An exacerbation of MS is caused by inflammation in the central nervous system (CNS) that causes damage to the myelin and slows or blocks the transmission of nerve impulses. To be a true exacerbation, the attack must last at least 24 hours and be separated from a previous exacerbation by at least 30 days. However, most exacerbations last from a few days to several weeks or even months. Exacerbations can be mild or severe enough to interfere with a person’s ability to function at home and at work. Severe exacerbations are most commonly treated with high-dose corticosteroids to reduce the inflammation (National MS Society, 2014.)
In my experience, it can be very hard to determine if you are having a relapse. I have new symptoms almost every week. The time related guideline helps. Don’t panic if you feel a new symptom, because many will resolve within the same day, or change hour to hour. The key is to watch for new symptoms that do not resolve after 24 hours. Relapses are treated with the following drugs:
• High-dose intravenous Solu-Medrol® (methylprednisolone)
• High-dose oral Deltasone® (prednisone)
• H.P. Acthar Gel (ACTH) is an option for those who are unable to cope with the side effects of high-dose corticosteroids, have been treated unsuccessfully with corticosteroids, do not have access to intravenous therapy, or have trouble receiving medication intravenously because of difficulty accessing the veins.
There are many options for complementary treatments, including exercise programs, acupuncture, massage therapy, and various dietary programs. The important thing to remember is to always check with your provider before trying these therapies. Be wary of people offering “proven” alternative therapies that your provider does not agree with. Research needs to be conducted on a wide scale before a treatment can be considered effective. In addition, supplements and vitamin therapies are not regulated and tested the way prescription drugs are.
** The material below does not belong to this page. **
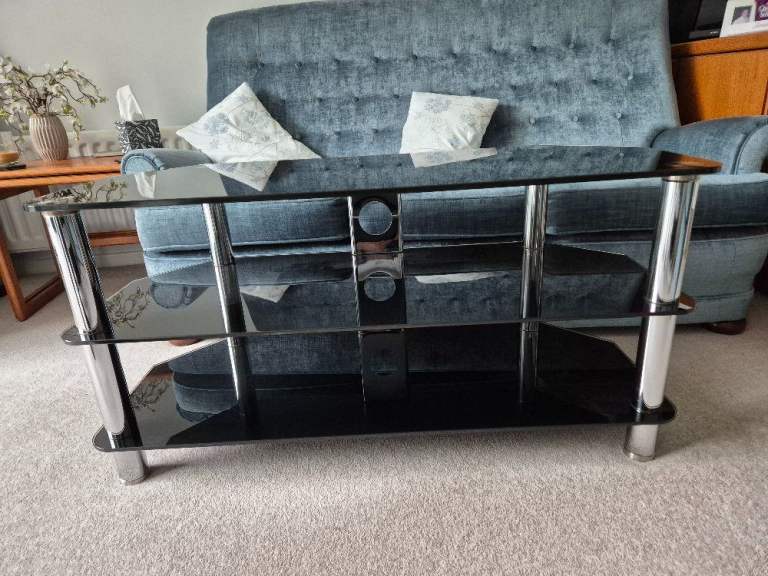 Black glass and chrome TV stand - 105cm wide x 45cm deep x 52.5cm tall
There are no proven supplements for treating or curing MS. Unfortunately, there are people looking to take advantage of MS patients and their desperation for a cure, and you should always beware of untested treatments.
Who can I trust as a resource for information?
Your provider is always #1. Find a provider who you feel connected to. Your Neurologist will now become your primary care provider. You will need to have easy access to advice through phone conversations, in-person appointments, or email. In addition, there are several trusted online sources of information that I would recommend:
The National MS Society: http://www.nationalmssociety.org/
Race to Erase MS/Nancy Davis Foundation:
The Mayo Clinic
What do I do now?
Try to learn as much as you can about MS. Connect with a provider, and then connect with as many support resources as possible. Research is continuous, and we now have many therapy options compared with a few decades ago. Most importantly, remember that life doesn’t end with this diagnosis. It is terrifying at first, but eventually you begin to feel empowered through knowledge and support. You will begin to understand your own version of MS (every single patient is different), and learn to listen to your body. Hang in there! You certainly aren’t alone!